(Extracted records)
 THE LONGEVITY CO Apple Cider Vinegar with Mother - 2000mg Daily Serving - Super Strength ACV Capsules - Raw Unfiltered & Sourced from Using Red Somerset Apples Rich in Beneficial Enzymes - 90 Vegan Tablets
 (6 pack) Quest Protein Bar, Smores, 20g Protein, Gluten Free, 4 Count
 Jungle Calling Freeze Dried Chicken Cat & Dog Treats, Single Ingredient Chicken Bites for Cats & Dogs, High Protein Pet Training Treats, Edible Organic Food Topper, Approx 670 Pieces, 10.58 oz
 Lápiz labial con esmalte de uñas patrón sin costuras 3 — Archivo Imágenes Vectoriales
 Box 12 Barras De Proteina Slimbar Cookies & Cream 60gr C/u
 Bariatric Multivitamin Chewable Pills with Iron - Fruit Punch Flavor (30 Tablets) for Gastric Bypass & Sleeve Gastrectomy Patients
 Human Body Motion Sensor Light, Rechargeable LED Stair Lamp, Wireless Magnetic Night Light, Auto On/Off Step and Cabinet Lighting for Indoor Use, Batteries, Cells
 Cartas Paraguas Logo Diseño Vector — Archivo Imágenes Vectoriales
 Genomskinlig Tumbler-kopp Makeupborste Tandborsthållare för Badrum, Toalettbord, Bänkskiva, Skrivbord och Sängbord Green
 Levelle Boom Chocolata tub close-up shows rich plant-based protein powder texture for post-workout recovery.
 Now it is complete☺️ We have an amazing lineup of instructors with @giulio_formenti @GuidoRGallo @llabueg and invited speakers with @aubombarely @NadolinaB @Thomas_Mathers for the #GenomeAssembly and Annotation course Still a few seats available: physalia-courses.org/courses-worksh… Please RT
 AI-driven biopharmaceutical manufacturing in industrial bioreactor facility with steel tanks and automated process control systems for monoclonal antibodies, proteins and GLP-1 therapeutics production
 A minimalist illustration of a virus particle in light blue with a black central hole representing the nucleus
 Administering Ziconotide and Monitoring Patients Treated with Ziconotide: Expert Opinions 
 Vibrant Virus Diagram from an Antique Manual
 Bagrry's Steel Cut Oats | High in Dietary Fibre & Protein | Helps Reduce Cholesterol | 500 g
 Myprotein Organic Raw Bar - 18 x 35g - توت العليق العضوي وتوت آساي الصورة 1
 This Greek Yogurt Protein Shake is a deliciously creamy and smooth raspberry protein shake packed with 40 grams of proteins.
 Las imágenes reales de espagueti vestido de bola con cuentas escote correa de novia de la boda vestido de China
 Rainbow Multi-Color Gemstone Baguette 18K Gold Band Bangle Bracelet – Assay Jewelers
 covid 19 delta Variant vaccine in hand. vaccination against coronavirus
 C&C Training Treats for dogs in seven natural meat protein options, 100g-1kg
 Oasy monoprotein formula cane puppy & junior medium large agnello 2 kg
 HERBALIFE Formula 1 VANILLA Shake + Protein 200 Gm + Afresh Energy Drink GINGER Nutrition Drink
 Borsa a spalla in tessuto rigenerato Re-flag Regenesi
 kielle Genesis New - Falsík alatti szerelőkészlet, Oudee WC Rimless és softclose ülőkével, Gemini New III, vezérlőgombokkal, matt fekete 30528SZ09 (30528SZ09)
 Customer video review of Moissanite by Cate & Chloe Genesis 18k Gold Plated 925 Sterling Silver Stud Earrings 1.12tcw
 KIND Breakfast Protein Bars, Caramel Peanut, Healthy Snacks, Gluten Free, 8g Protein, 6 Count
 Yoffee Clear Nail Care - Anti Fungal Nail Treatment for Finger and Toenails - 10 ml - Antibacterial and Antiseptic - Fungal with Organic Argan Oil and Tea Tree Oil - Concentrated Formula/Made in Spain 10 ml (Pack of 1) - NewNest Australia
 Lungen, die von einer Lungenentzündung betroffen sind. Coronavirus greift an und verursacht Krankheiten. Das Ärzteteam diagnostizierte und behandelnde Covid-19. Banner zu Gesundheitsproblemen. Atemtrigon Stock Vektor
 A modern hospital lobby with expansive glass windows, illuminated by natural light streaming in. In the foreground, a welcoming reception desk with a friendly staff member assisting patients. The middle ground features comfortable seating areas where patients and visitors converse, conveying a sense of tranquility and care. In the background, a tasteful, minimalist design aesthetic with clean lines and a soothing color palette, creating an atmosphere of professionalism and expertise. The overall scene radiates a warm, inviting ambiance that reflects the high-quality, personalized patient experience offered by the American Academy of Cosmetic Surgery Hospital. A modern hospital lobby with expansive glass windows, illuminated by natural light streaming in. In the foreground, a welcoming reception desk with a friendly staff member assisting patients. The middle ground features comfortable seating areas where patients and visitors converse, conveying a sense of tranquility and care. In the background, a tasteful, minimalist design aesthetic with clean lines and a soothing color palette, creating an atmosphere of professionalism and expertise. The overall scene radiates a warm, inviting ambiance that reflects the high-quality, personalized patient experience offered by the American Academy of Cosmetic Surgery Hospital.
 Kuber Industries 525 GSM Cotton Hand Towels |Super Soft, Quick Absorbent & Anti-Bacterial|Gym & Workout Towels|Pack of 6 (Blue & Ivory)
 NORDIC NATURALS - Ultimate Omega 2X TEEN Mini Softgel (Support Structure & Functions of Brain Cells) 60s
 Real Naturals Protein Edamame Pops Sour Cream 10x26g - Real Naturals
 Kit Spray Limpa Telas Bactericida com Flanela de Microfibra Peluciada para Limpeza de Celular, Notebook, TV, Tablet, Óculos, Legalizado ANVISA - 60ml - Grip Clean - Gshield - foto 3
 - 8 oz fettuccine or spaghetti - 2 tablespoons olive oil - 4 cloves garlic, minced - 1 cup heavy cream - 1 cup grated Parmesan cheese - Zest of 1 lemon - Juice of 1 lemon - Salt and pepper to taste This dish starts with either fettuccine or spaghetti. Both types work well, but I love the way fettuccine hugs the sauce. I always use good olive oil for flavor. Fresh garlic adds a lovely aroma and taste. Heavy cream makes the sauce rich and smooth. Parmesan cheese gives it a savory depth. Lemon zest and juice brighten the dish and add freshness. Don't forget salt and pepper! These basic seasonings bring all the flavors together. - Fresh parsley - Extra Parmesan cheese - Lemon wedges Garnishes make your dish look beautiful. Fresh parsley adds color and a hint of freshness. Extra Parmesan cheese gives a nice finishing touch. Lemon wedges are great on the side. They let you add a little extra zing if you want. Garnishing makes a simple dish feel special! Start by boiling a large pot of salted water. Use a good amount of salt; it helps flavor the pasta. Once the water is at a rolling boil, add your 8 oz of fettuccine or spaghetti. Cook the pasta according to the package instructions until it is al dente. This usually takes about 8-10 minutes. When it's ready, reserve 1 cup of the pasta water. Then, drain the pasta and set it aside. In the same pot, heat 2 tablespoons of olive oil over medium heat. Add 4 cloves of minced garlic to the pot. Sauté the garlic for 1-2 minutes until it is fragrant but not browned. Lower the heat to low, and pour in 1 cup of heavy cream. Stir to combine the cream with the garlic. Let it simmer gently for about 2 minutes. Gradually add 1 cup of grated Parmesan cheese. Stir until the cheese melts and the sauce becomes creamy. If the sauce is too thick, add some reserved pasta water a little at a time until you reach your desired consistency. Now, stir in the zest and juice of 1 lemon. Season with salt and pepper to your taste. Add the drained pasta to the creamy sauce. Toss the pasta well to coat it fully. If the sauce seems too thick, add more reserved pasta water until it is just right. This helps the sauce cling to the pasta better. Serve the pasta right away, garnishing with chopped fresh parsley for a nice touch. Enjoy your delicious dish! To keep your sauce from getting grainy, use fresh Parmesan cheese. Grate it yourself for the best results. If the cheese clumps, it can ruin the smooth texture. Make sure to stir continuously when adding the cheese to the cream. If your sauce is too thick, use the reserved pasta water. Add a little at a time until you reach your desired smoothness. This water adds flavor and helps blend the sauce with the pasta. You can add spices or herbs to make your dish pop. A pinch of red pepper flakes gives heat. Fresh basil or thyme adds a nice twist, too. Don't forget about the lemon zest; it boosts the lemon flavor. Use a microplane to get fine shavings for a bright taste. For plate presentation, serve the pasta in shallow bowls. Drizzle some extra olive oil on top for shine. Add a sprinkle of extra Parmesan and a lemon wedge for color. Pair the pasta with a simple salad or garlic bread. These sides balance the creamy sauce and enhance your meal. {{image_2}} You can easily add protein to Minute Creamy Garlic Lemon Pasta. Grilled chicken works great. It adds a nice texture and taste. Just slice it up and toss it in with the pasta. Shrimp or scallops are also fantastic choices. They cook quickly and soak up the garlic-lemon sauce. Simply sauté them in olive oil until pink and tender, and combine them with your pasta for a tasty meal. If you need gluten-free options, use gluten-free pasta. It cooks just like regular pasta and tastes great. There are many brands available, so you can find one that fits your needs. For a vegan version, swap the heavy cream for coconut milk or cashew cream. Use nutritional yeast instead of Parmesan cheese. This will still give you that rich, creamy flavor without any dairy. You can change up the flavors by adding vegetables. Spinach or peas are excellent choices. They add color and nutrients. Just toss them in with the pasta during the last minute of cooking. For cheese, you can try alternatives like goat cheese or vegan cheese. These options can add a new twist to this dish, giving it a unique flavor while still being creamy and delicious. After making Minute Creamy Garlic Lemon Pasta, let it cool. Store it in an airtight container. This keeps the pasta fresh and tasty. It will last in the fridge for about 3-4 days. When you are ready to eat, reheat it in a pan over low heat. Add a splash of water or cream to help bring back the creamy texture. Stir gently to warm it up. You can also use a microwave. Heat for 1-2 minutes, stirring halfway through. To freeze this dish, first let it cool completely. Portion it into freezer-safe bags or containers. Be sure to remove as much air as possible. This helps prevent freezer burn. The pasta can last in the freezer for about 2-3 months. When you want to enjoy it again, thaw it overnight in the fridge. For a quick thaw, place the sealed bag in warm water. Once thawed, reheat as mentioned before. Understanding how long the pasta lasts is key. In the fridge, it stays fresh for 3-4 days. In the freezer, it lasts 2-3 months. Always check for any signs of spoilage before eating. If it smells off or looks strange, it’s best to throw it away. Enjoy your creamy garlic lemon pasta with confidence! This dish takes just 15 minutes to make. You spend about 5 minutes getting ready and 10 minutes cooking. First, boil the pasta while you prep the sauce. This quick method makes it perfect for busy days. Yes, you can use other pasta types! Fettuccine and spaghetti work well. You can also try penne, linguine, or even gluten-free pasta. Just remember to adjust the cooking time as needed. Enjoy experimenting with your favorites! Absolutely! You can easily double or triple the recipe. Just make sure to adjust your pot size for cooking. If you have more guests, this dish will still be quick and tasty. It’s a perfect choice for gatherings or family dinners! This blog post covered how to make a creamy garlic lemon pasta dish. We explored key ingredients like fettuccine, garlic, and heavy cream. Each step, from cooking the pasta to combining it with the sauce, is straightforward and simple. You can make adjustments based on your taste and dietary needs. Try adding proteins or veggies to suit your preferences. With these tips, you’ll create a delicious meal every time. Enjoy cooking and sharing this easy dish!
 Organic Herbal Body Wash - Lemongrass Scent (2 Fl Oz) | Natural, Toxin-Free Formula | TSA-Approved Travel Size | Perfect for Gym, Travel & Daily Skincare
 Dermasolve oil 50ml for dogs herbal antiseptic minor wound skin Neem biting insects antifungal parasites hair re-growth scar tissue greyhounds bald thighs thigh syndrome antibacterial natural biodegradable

§ **Instructions to follow**: Copy exactly the stretch of data above from the line with "HERBALIFE Formula 1" through the line with "Lungen, die von", and omit all other lines.

§ **Result of the task**:
 HERBALIFE Formula 1 VANILLA Shake + Protein 200 Gm + Afresh Energy Drink GINGER Nutrition Drink
 Borsa a spalla in tessuto rigenerato Re-flag Regenesi
 kielle Genesis New - Falsík alatti szerelőkészlet, Oudee WC Rimless és softclose ülőkével, Gemini New III, vezérlőgombokkal, matt fekete 30528SZ09 (30528SZ09)
 Customer video review of Moissanite by Cate & Chloe Genesis 18k Gold Plated 925 Sterling Silver Stud Earrings 1.12tcw
 KIND Breakfast Protein Bars, Caramel Peanut, Healthy Snacks, Gluten Free, 8g Protein, 6 Count
 Yoffee Clear Nail Care - Anti Fungal Nail Treatment for Finger and Toenails - 10 ml - Antibacterial and Antiseptic - Fungal with Organic Argan Oil and Tea Tree Oil - Concentrated Formula/Made in Spain 10 ml (Pack of 1) - NewNest Australia
 Lungen, die von einer Lungenentzündung betroffen sind. Coronavirus greift an und verursacht Krankheiten. Das Ärzteteam diagnostizierte und behandelnde Covid-19. Banner zu Gesundheitsproblemen. Atemtrigon Stock Vektor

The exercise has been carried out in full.